__About this task__
Each line of the data below between the one containing "Maintenance Roles Description" and the one containing "蓝色国潮风大学生挑战杯创业计划书PPT模板", both included, is to be repeated exactly. Please omit pictures.

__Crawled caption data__
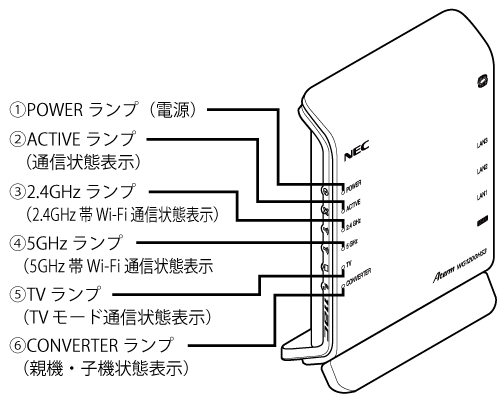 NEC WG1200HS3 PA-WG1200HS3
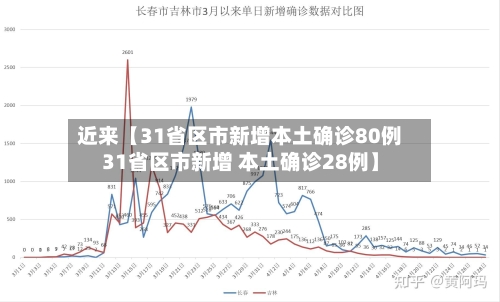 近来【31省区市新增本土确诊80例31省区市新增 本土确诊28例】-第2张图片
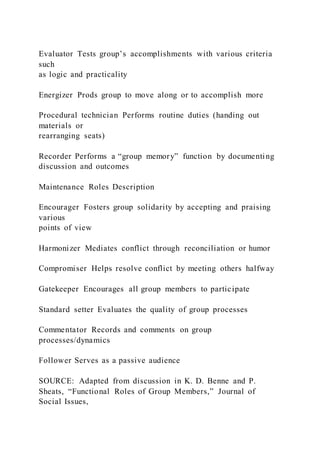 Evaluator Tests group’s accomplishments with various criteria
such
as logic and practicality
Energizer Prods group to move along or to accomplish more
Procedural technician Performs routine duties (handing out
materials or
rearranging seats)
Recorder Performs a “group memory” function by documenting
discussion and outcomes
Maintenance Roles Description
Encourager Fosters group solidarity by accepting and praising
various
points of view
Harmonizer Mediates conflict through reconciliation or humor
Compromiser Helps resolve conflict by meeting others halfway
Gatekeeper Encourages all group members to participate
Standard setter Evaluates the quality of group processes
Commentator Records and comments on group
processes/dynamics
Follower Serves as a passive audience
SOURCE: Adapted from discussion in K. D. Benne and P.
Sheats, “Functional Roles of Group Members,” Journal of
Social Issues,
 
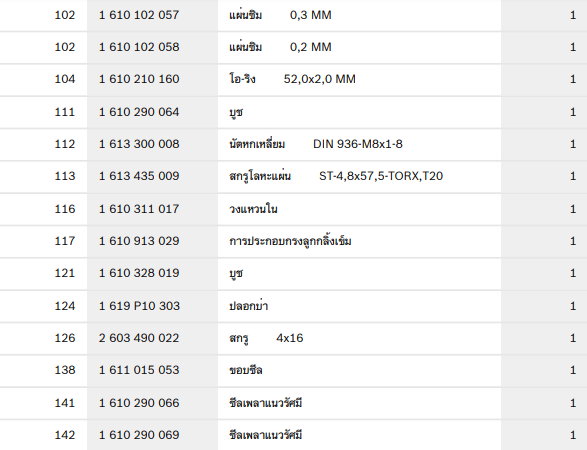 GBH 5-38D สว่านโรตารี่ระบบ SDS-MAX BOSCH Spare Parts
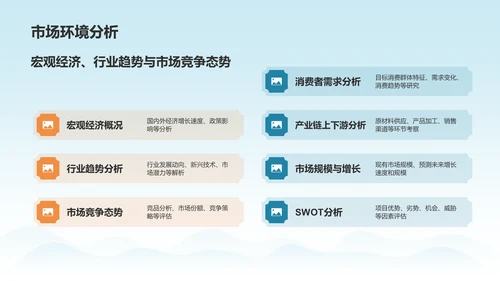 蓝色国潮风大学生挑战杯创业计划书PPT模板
--
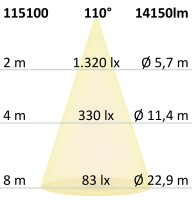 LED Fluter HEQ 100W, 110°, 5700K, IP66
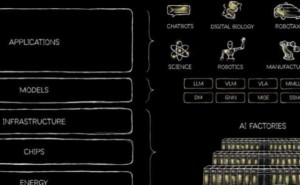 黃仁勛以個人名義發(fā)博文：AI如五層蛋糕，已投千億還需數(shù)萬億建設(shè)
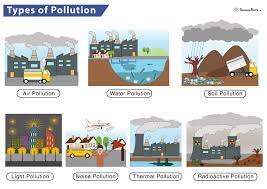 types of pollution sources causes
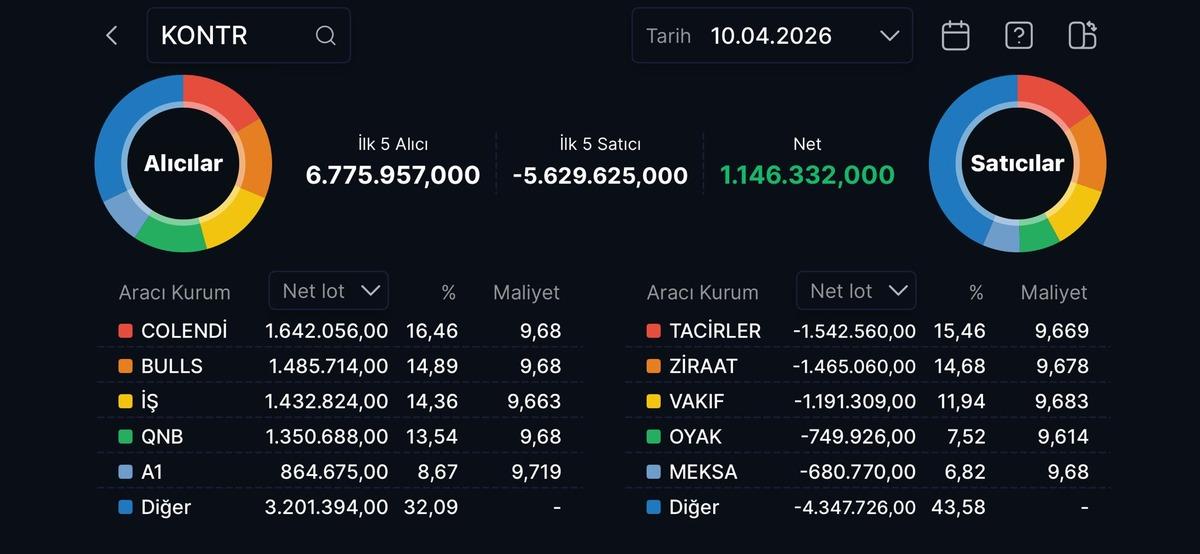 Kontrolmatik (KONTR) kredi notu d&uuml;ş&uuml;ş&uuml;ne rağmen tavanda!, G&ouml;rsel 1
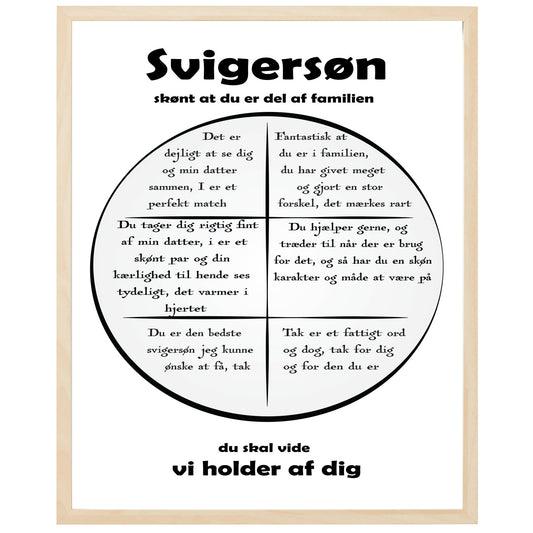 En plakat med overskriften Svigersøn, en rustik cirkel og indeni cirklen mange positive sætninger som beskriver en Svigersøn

__Written answer__
Maintenance Roles Description
Encourager Fosters group solidarity by accepting and praising
various
points of view
Harmonizer Mediates conflict through reconciliation or humor
Compromiser Helps resolve conflict by meeting others halfway
Gatekeeper Encourages all group members to participate
Standard setter Evaluates the quality of group processes
Commentator Records and comments on group
processes/dynamics
Follower Serves as a passive audience
SOURCE: Adapted from discussion in K. D. Benne and P.
Sheats, “Functional Roles of Group Members,” Journal of
Social Issues,
 
 GBH 5-38D สว่านโรตารี่ระบบ SDS-MAX BOSCH Spare Parts
 蓝色国潮风大学生挑战杯创业计划书PPT模板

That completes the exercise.